▶ **INSTRUCTIONS TO FOLLOW**
An exact copy of the data is required, with no pictures in it.

▶ **DATASET SECTION**
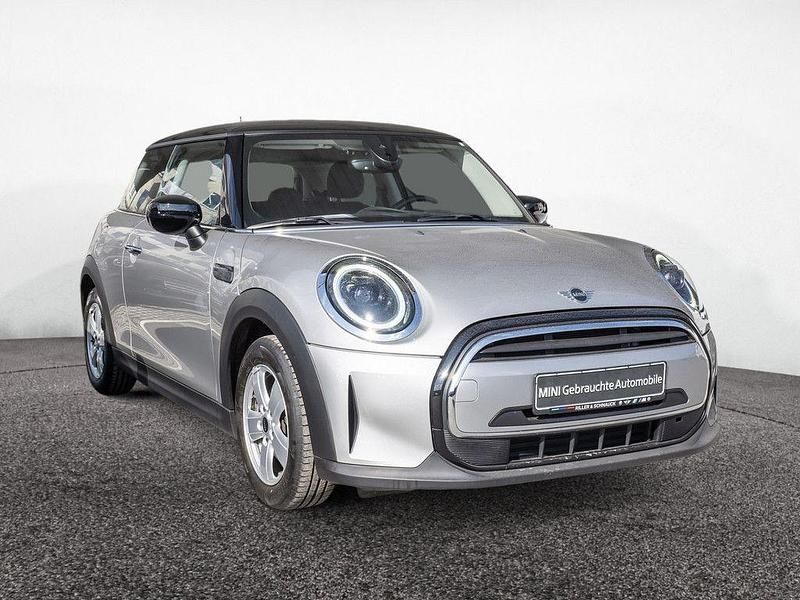 Gebraucht Mini Cooper Essential 136 PS (100 kW) 2023 Silber Kleinwagen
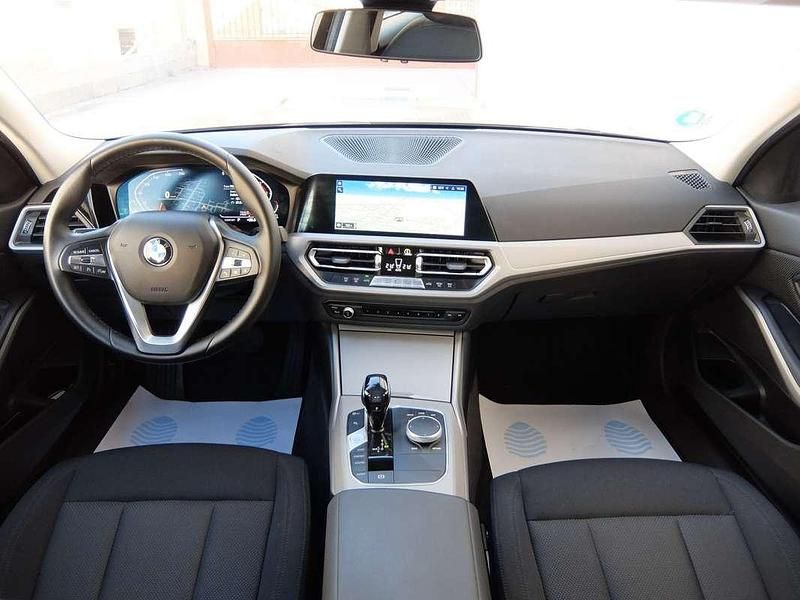 Usado BMW 318 Efficient Dynamics 150 CV (110 kW) 2022 Blanco Berlina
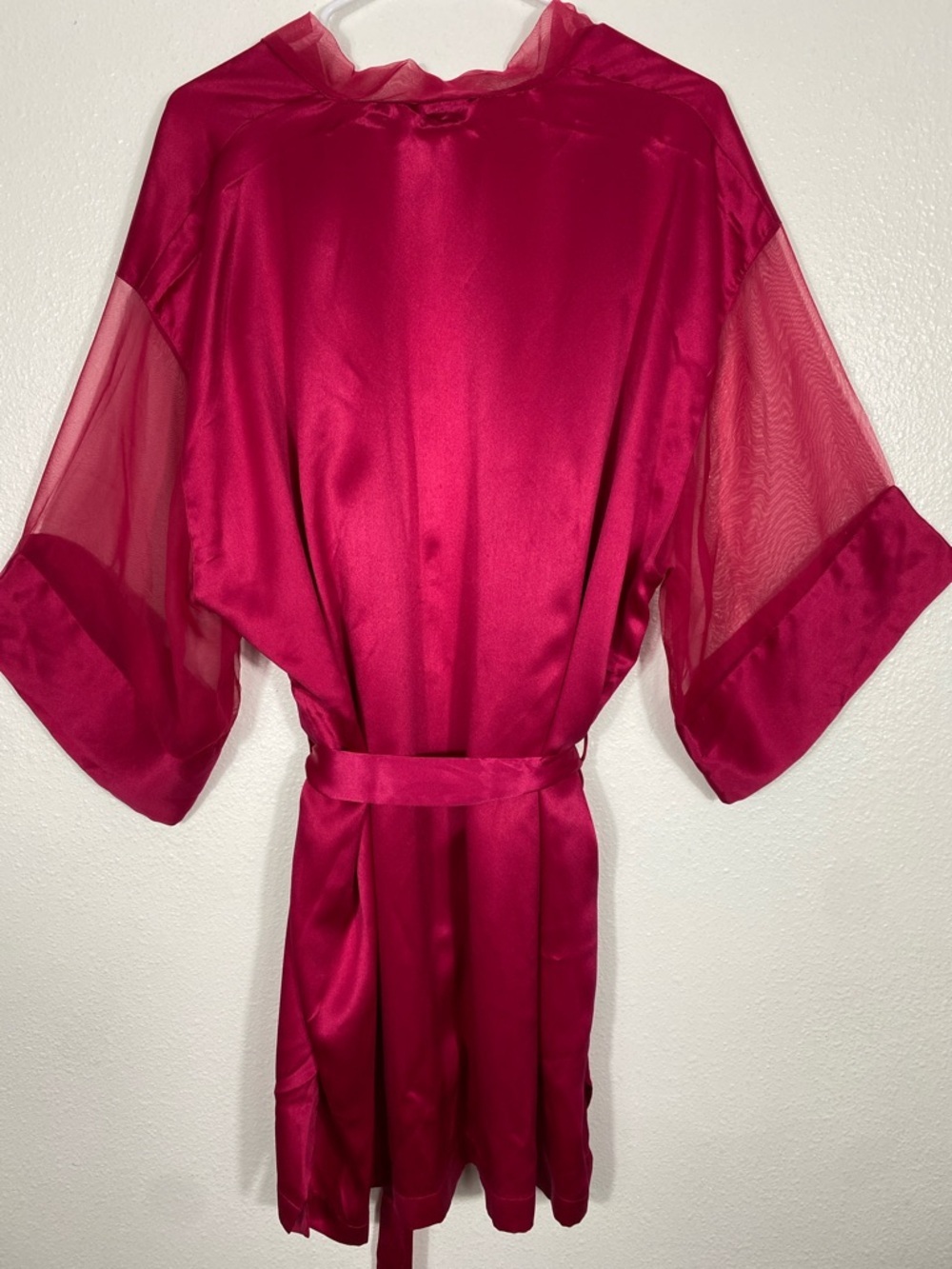 Victoria's Secret Fuchsia Satin Kimono Robe with Sheer Sleeves Size One Size - Picture 6 of 13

▶ **FINISHED TASK**
 Gebraucht Mini Cooper Essential 136 PS (100 kW) 2023 Silber Kleinwagen
 Usado BMW 318 Efficient Dynamics 150 CV (110 kW) 2022 Blanco Berlina
 Victoria's Secret Fuchsia Satin Kimono Robe with Sheer Sleeves Size One Size - Picture 6 of 13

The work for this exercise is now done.